▶ [Records to use]

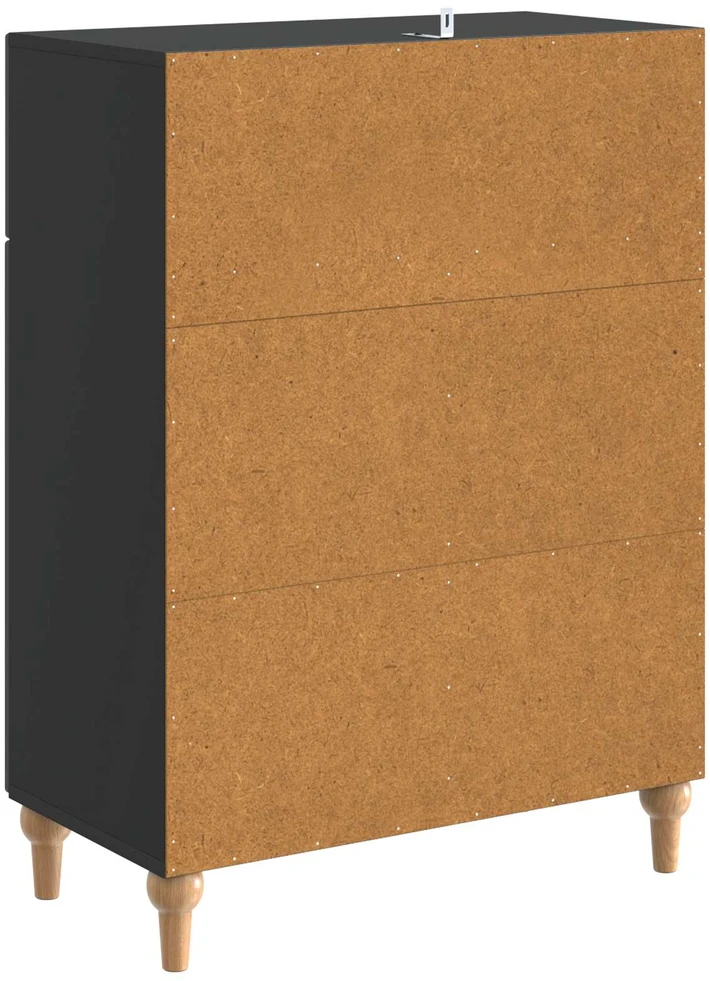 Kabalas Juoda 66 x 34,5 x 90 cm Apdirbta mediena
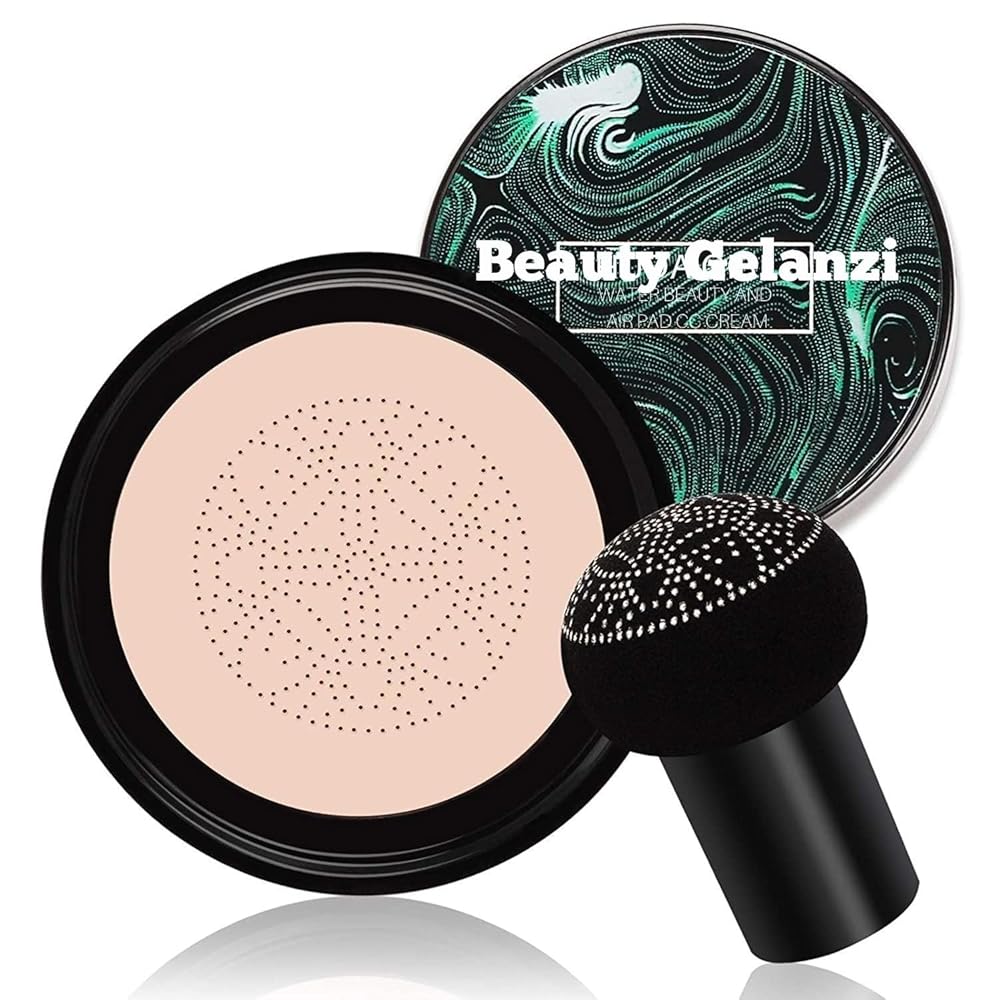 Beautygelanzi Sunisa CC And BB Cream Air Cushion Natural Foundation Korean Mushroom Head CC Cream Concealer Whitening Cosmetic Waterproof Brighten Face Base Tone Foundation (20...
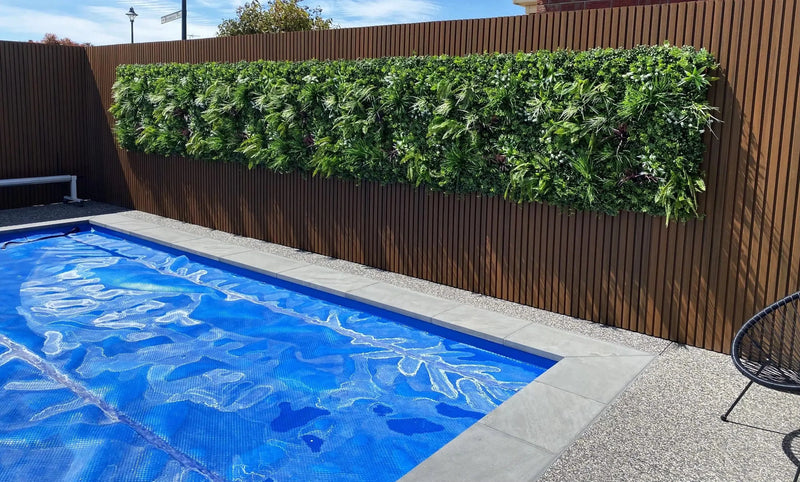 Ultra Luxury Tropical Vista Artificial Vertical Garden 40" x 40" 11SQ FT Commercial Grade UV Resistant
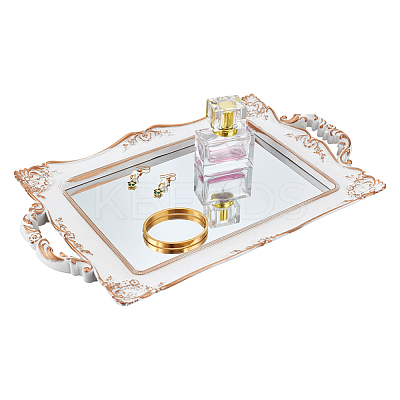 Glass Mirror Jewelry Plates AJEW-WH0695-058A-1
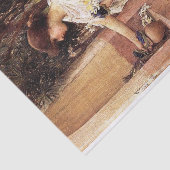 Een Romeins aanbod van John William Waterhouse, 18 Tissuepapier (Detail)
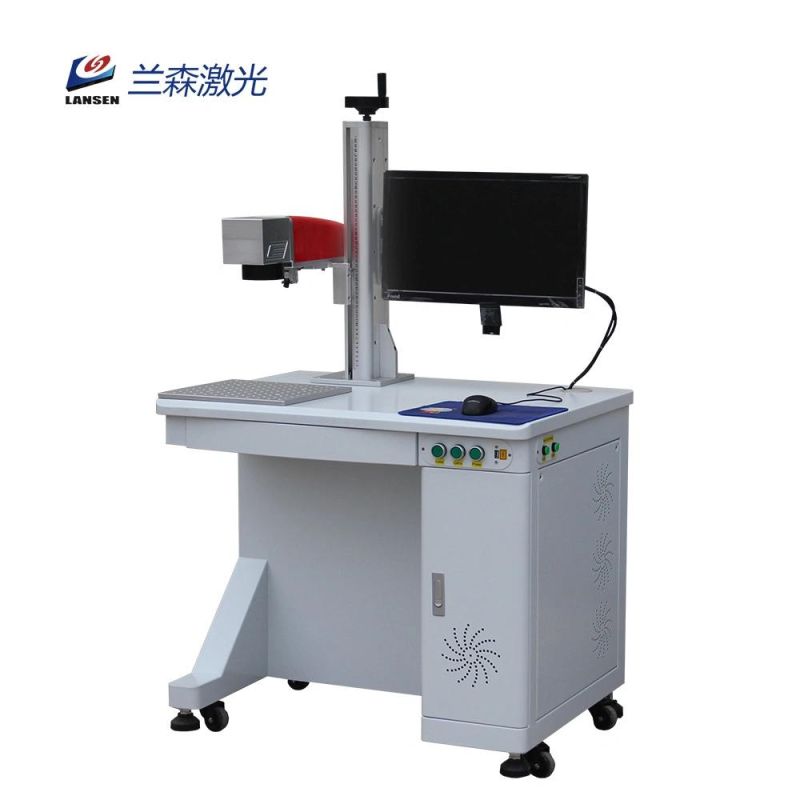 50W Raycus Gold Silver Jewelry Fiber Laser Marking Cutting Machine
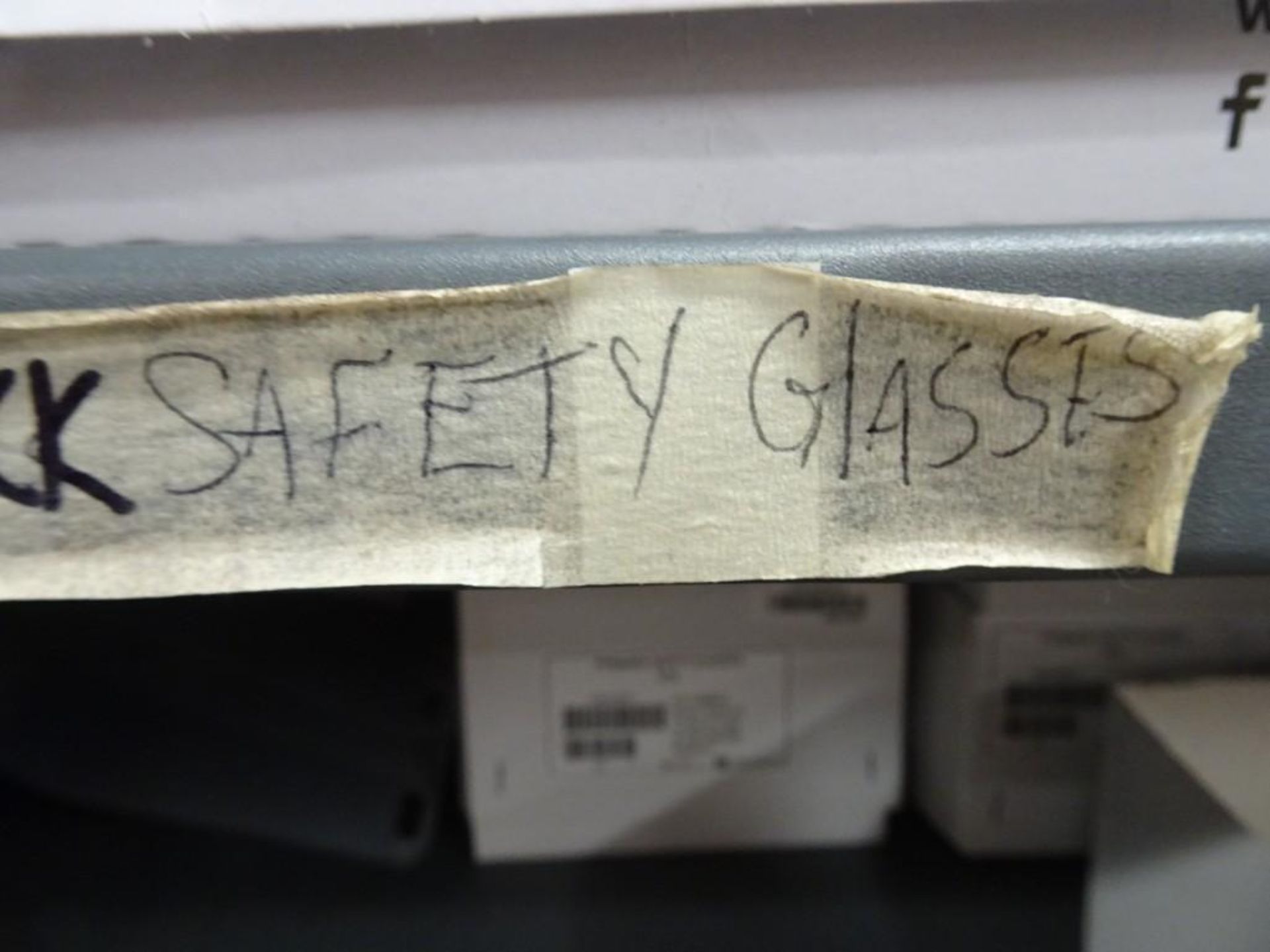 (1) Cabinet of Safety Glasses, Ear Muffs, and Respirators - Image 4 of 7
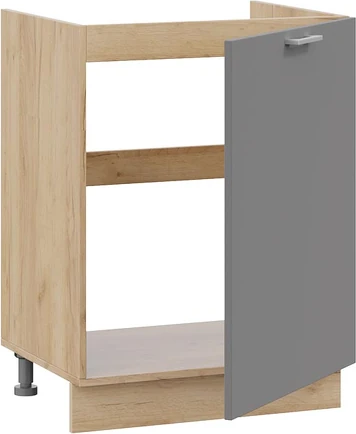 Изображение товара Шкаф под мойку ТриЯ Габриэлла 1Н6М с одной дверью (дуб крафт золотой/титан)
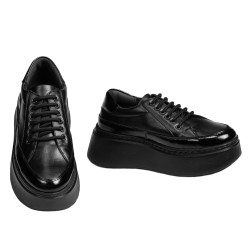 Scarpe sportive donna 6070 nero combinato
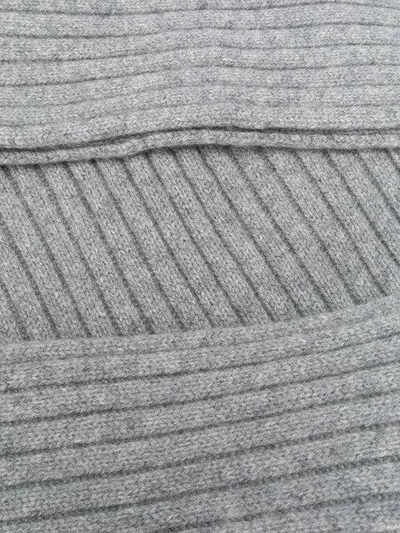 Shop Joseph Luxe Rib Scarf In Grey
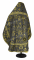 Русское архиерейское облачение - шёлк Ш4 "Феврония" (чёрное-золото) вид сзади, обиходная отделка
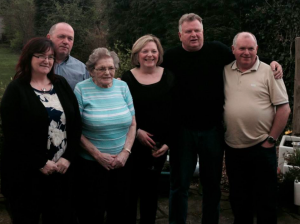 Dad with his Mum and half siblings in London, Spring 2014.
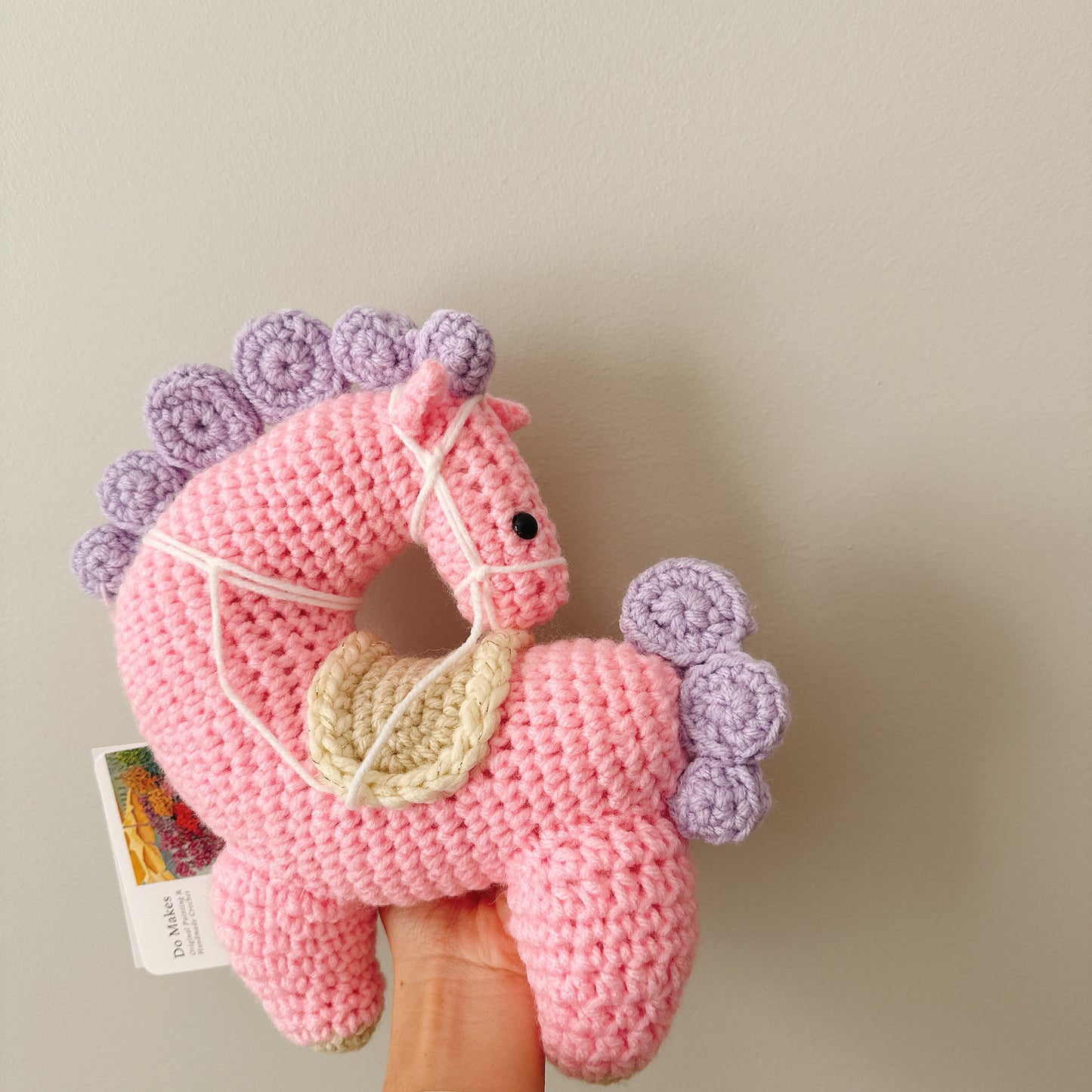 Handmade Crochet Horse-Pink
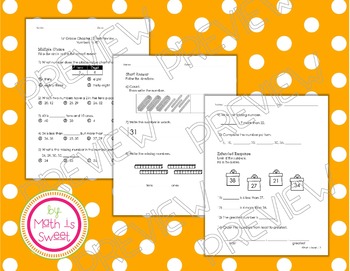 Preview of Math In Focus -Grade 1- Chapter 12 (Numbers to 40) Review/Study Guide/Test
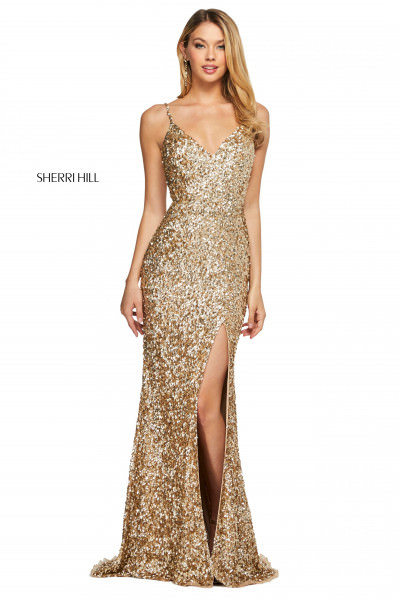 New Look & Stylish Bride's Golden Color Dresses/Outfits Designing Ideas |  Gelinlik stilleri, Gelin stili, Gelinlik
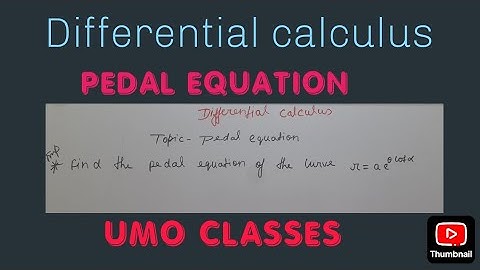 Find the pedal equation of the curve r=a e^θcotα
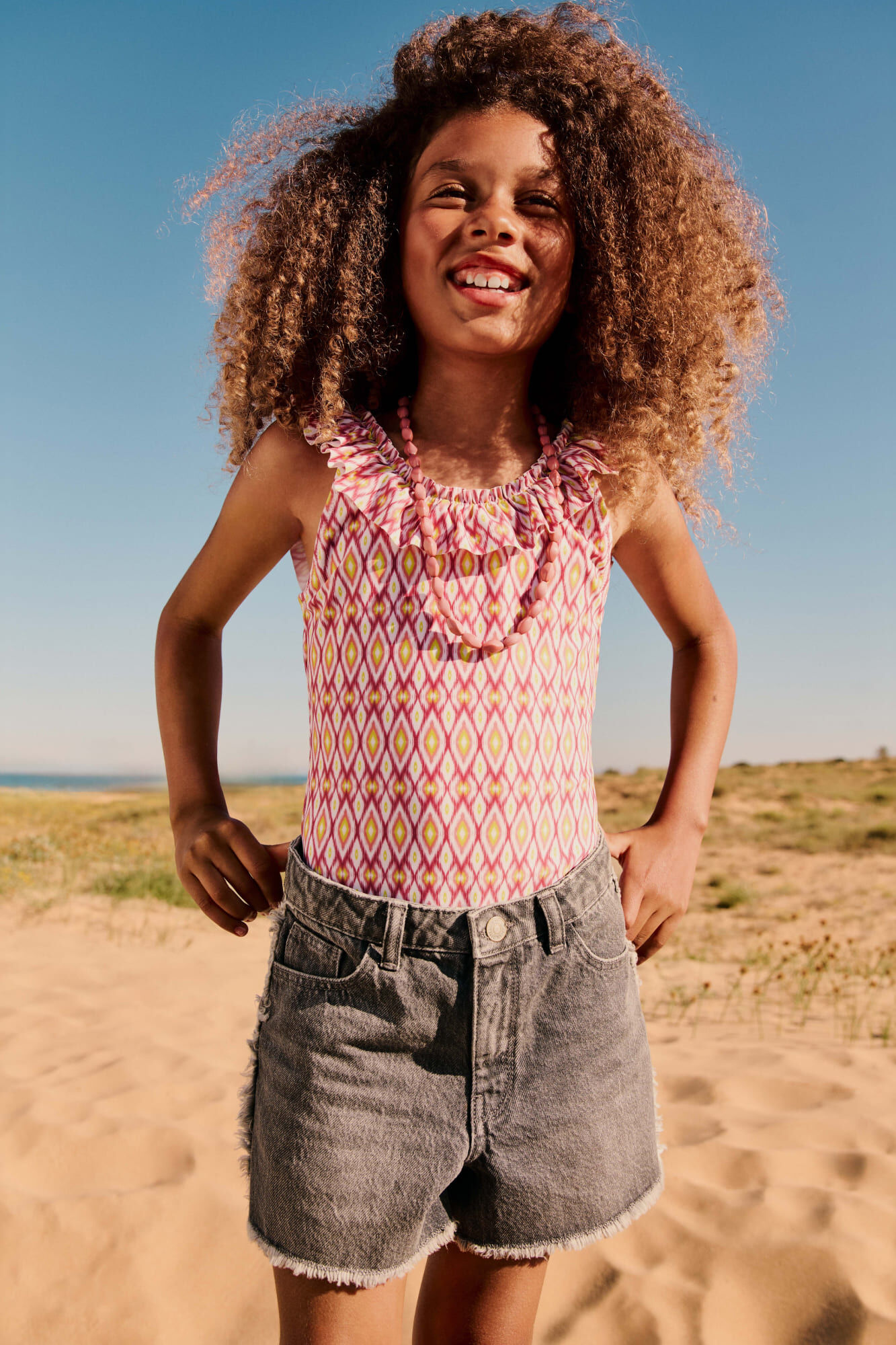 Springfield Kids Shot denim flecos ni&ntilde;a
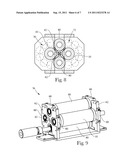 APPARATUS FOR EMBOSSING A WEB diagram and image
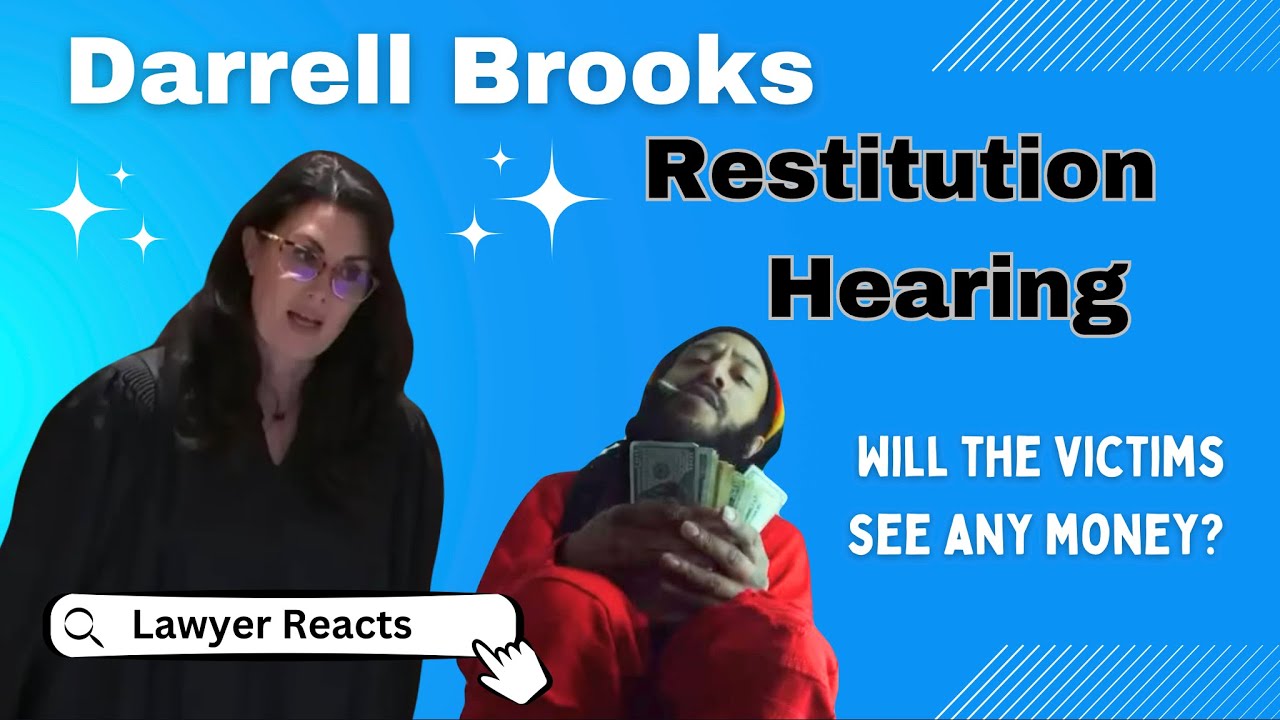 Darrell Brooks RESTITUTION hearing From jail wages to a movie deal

▶ [Instructions for the task]
Beginning with the line holding "Een Romeins aanbod" in the material above, restate word for word each line through the line holding "Find the pedal", and exclude pictures.

▶ [Exercise result]
 Een Romeins aanbod van John William Waterhouse, 18 Tissuepapier (Detail)
 50W Raycus Gold Silver Jewelry Fiber Laser Marking Cutting Machine
 (1) Cabinet of Safety Glasses, Ear Muffs, and Respirators - Image 4 of 7
 Изображение товара Шкаф под мойку ТриЯ Габриэлла 1Н6М с одной дверью (дуб крафт золотой/титан)
 Scarpe sportive donna 6070 nero combinato
 Shop Joseph Luxe Rib Scarf In Grey
 Русское архиерейское облачение - шёлк Ш4 "Феврония" (чёрное-золото) вид сзади, обиходная отделка
 Dad with his Mum and half siblings in London, Spring 2014.
 Handmade Crochet Horse-Pink
 Preview of Math In Focus -Grade 1- Chapter 12 (Numbers to 40) Review/Study Guide/Test
 New Look & Stylish Bride's Golden Color Dresses/Outfits Designing Ideas |  Gelinlik stilleri, Gelin stili, Gelinlik
 Find the pedal equation of the curve r=a e^θcotα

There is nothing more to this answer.